INFORMATION SUPPLIED.
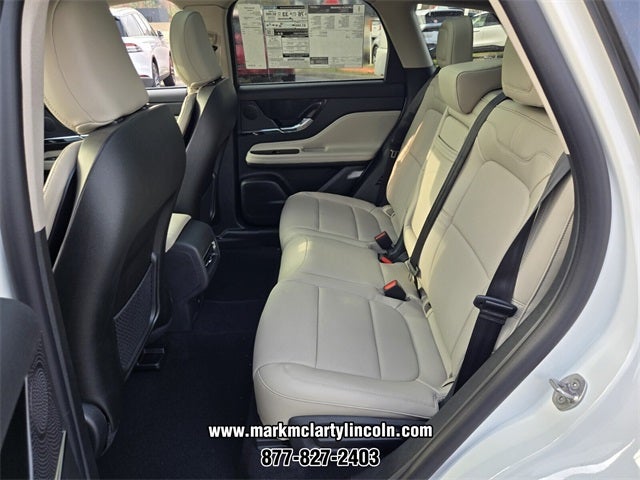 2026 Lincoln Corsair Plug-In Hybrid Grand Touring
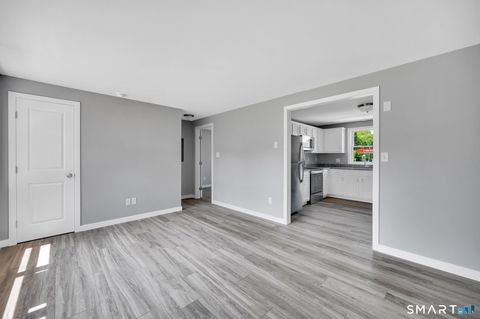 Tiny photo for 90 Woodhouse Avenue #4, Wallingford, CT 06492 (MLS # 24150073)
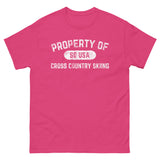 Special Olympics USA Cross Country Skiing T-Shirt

WHAT THIS TASK INVOLVES. Everything in the listing above must be restated word for word, except the images.

TASK RESPONSE.
 2026 Lincoln Corsair Plug-In Hybrid Grand Touring
 Tiny photo for 90 Woodhouse Avenue #4, Wallingford, CT 06492 (MLS # 24150073)
 Special Olympics USA Cross Country Skiing T-Shirt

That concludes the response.